(TASK INPUT Opens)

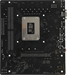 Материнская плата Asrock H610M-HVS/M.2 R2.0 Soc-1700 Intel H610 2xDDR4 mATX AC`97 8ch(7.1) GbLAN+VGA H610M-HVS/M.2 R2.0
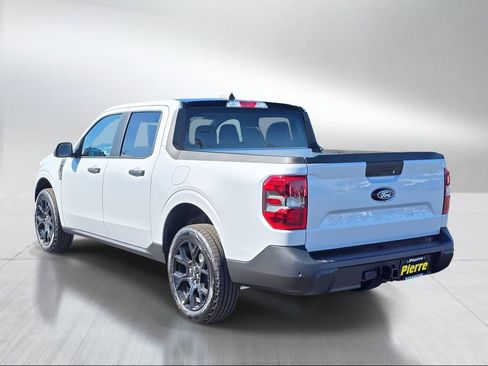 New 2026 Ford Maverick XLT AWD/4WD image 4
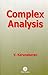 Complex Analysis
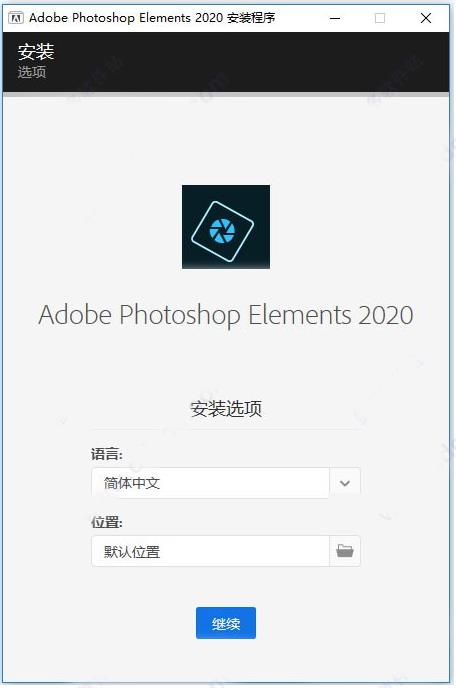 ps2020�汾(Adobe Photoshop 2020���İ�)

(TASK INPUT Closes)
(TASK INPUT Opens)

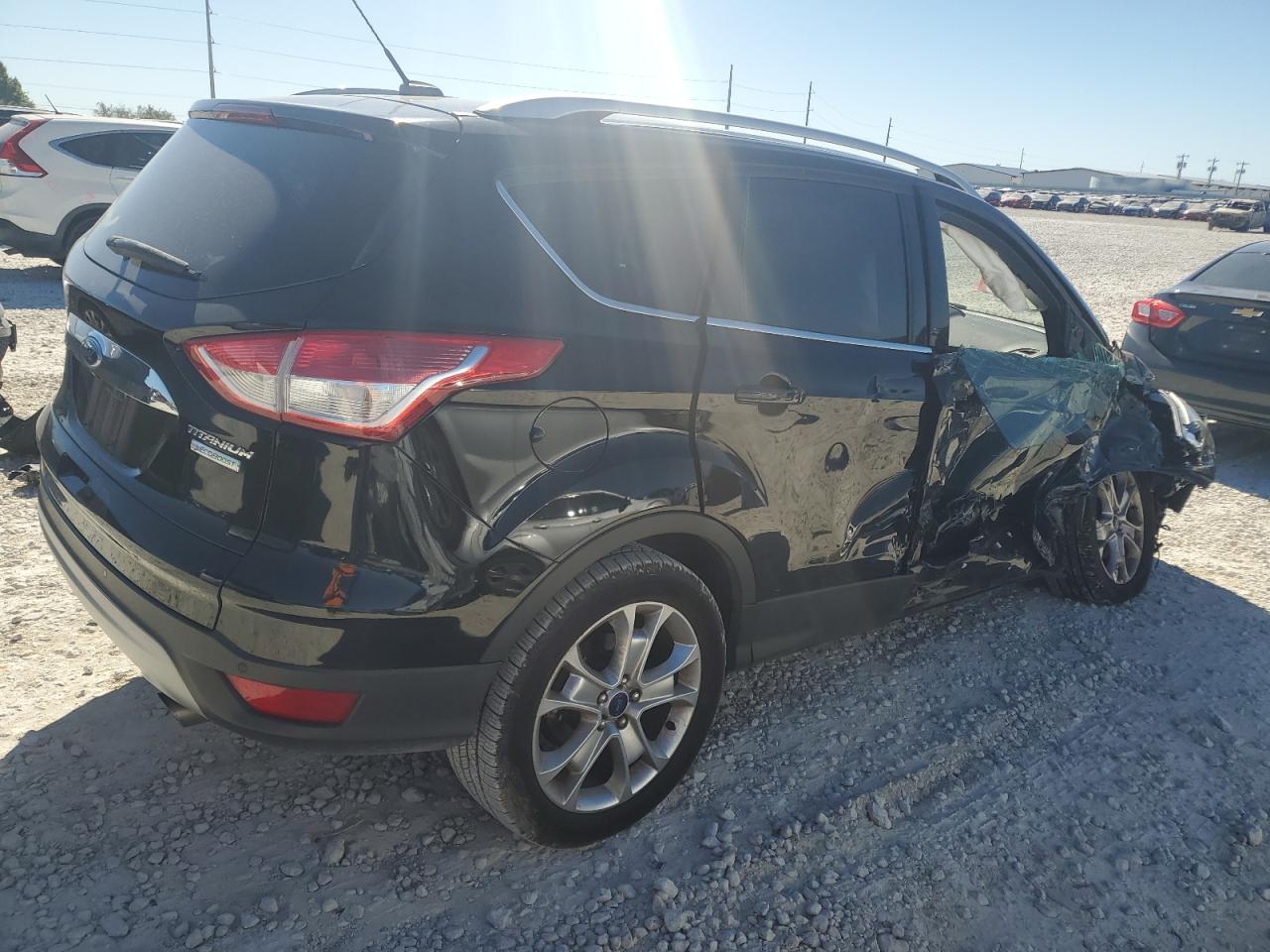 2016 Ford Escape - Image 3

(TASK INPUT Closes)
(TASK INPUT Opens)

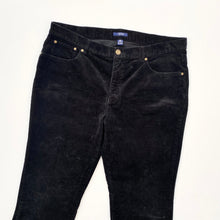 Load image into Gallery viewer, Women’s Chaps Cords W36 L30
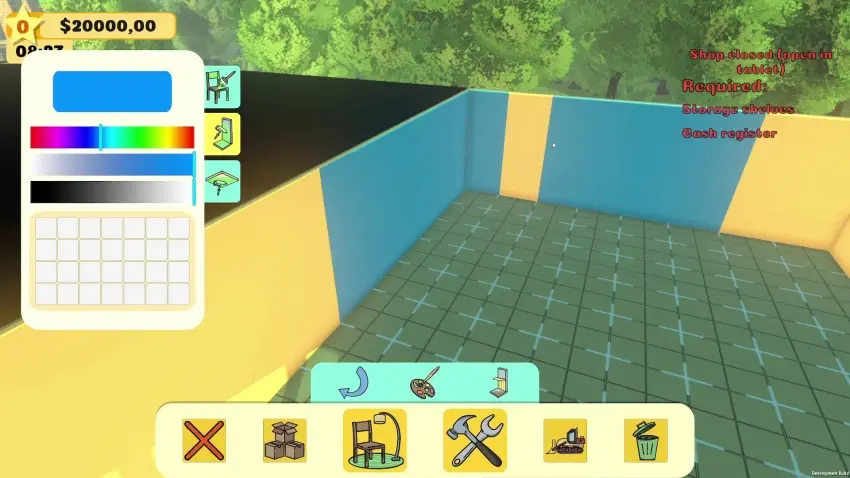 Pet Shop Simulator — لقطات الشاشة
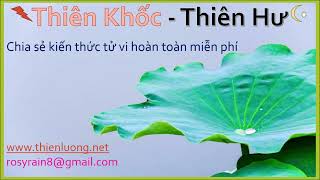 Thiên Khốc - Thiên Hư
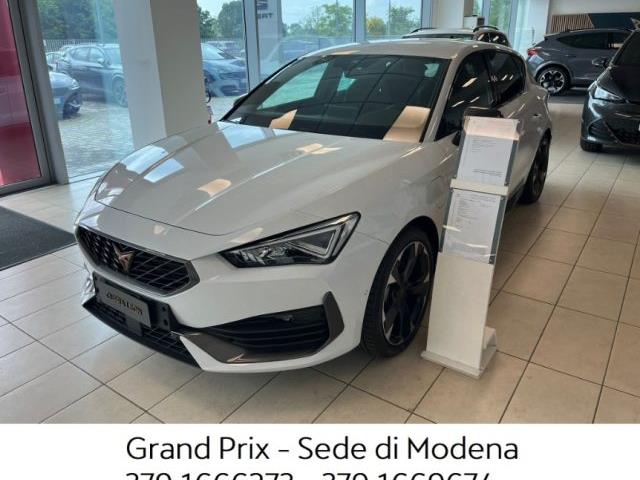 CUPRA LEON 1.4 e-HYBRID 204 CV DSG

(TASK INPUT Closes)

• _WHAT IS REQUIRED_
Copy exactly the lines of the entries above from the one containing "Load image into" through the one containing "CUPRA LEON 1.4 e-HYBRID 204 CV DSG". Both end lines count; pictures do not.

• _RESPONSE TO THIS EXERCISE_
 Load image into Gallery viewer, Women’s Chaps Cords W36 L30
 Pet Shop Simulator — لقطات الشاشة
 Thiên Khốc - Thiên Hư
 CUPRA LEON 1.4 e-HYBRID 204 CV DSG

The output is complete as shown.